Most critics
compare, unfavourable I must say, Karel Reisz’s 1964 version of the
psychological thriller Night Must Fall with the 1937
version directed by Richard Thorpe which starred Robert Montgomery, Rosalind
Russell and Dame May Whitty in her film debut at the age of 72! But the truth
is although Thorpe’s US version was critically acclaimed the MGM’s British Unit
attempt did much better at the box office than the original. I have never seen
this earlier adaptation therefore I can’t compare the two. Both, I understand, were based on Emlyn
Williams play first performed in 1935.
It was the
Czech born British filmmaker Reisz and play write Clive Exton who updated the
story to the 1960’s and like Reisz previous movie, Saturday
Night and Sunday Morning (1960), it stars Albert Finney. Finney plays
Danny who when the film opens we observe murdering a woman in some woodland by
removing her head with an axe! Juxtaposed with this we see a young lady having
an early morning stroll around a rather sizeable English style garden of a
large isolated house on the edge of the same woodland. Olivia (Susan Hampshire)
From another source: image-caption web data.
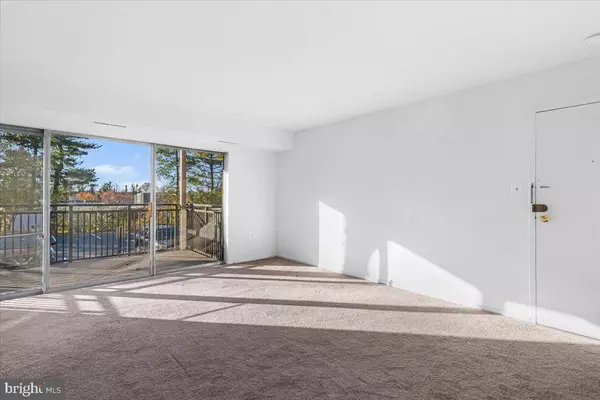 Falls Church, VA 22046,7354 ROUTE 29 #54/104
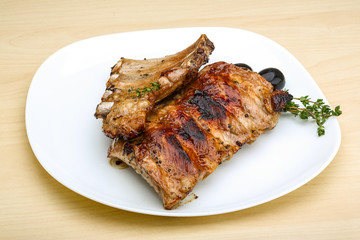 Roasted pork ribs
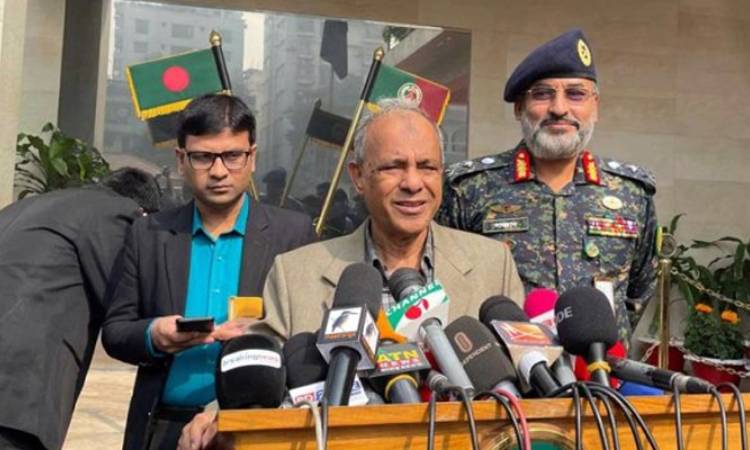 'অপরাধ ও বিতর্কিত ভূমিকায় জড়িত সরকারি কর্মকর্তাদের ধরা হবে'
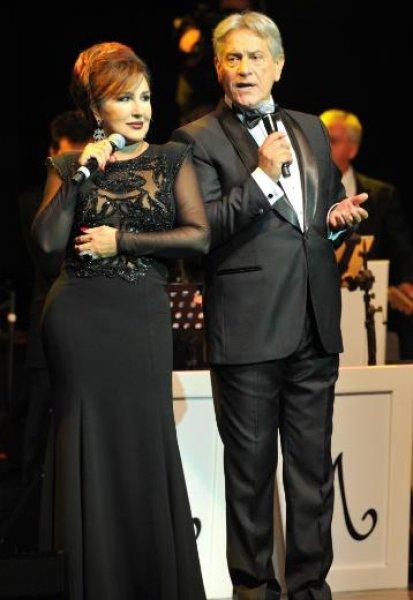 Neco sanat hayatının 50. yılını kutladı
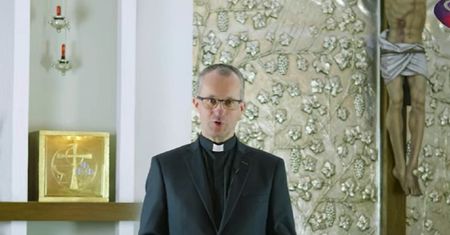 Zakaz komunii dla osób popierających aborcję? Słowa księdza wbijają w fotel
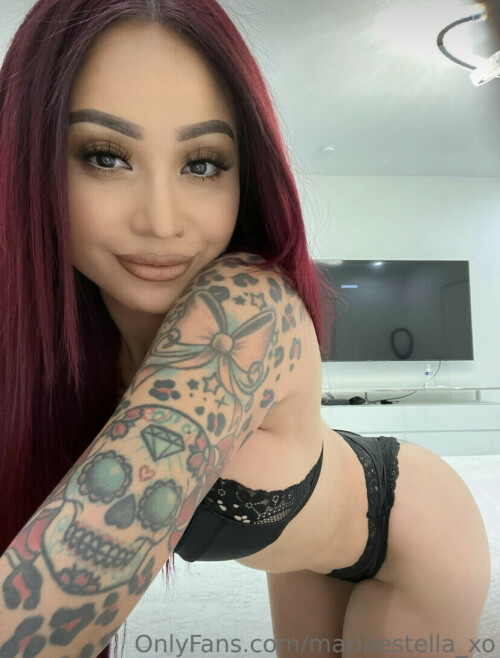 67919627 976B 40F7 8075 303CFD838670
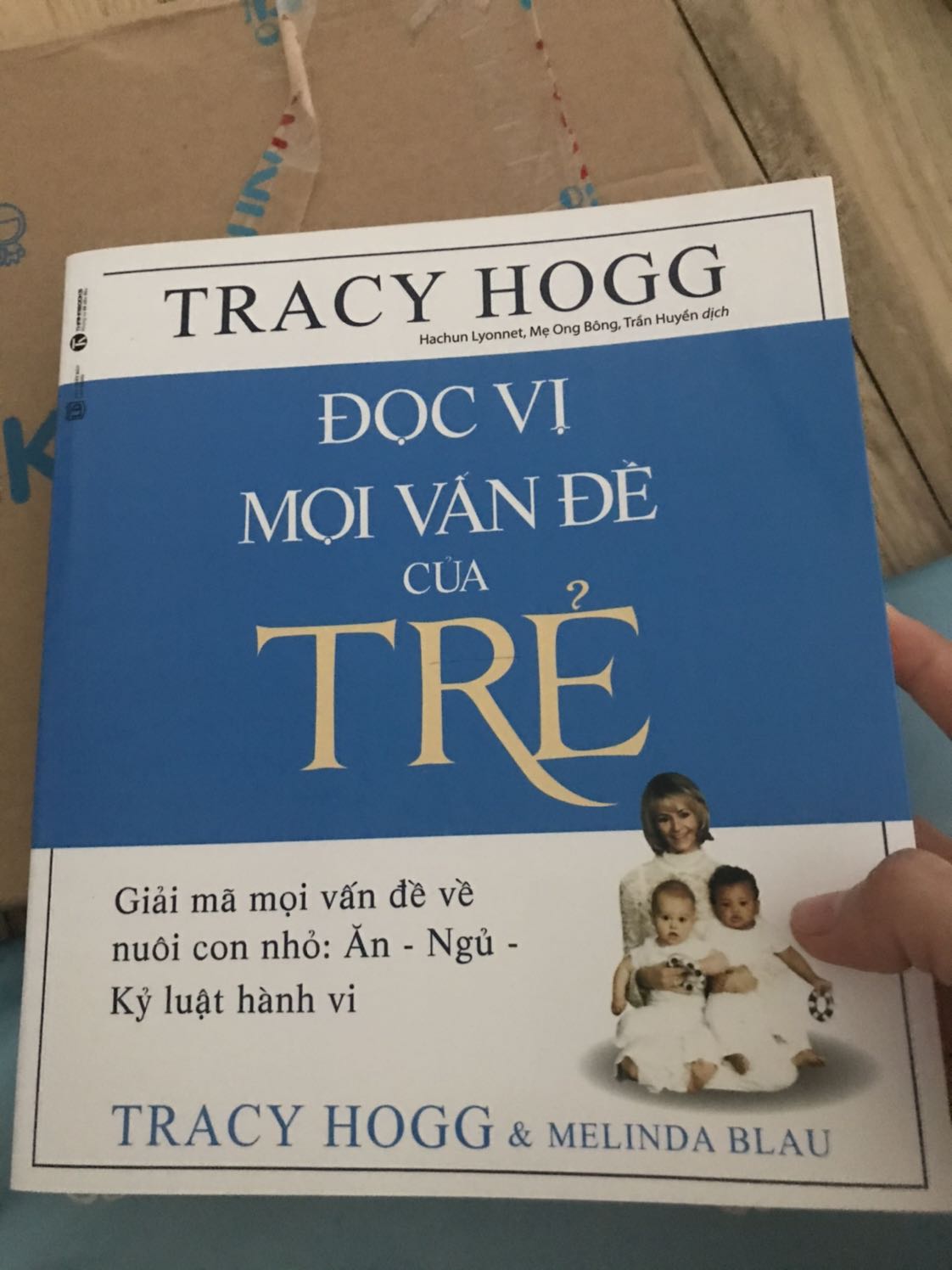 Bìa sách bị gạch bút bi 1 đường rất rõ, không biết có phải sách giả hay không mà in thiếu chữ, hay do lỗi người dịch mà thiếu chữ quá trời. Đọc rồi tự điền vào cho đủ từ để hiểu nghĩa ko hà. Haizz Bìa sách bị gạch bút bi 1 đường rất rõ, không biết có phải sách giả hay không mà in thiếu chữ, hay do lỗi người dịch mà thiếu chữ quá trời. Đọc rồi tự điền vào cho đủ từ để hiểu nghĩa ko hà. Haizz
is the daughter of the proprietor of the house, the elderly infirmed Mrs
Bramson (Mona Washbourne). Arriving for her morning duties is Mrs Bramson’s
maid Dora (Sheila Hancock). Dora has
been made pregnant by her ‘boyfriend’ Danny, yes the same Danny who we have
just seen murdering a poor women with an axe and dumping her body in a lake. He
has been summoned to explain his intentions towards Dora to Mrs Bramson and before
long he has won over the old lady, aroused Olivia’s repressed sexuality and
moved into the house along with a leather hatbox!
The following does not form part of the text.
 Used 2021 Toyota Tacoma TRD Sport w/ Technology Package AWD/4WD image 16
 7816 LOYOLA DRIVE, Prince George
....having already won over Mrs Bramson (Mona Washbourne) |
This
melodramatic interpretation was produced by Reisz and Albert Finney, its DOP
was the Academy Award winning Freddie Francis and the musical score was in the
capable hands of Ron Grainer. Don’t be
put off by what you have heard, I was impressed with Finney’s role as Danny, a
demanding one in which he injects dread into ever scene he appears. His scenes
with Mona Washbourne are especially good and Susan Hampshire, who was born to
play the repressed Englishwoman, does so with her normal competence.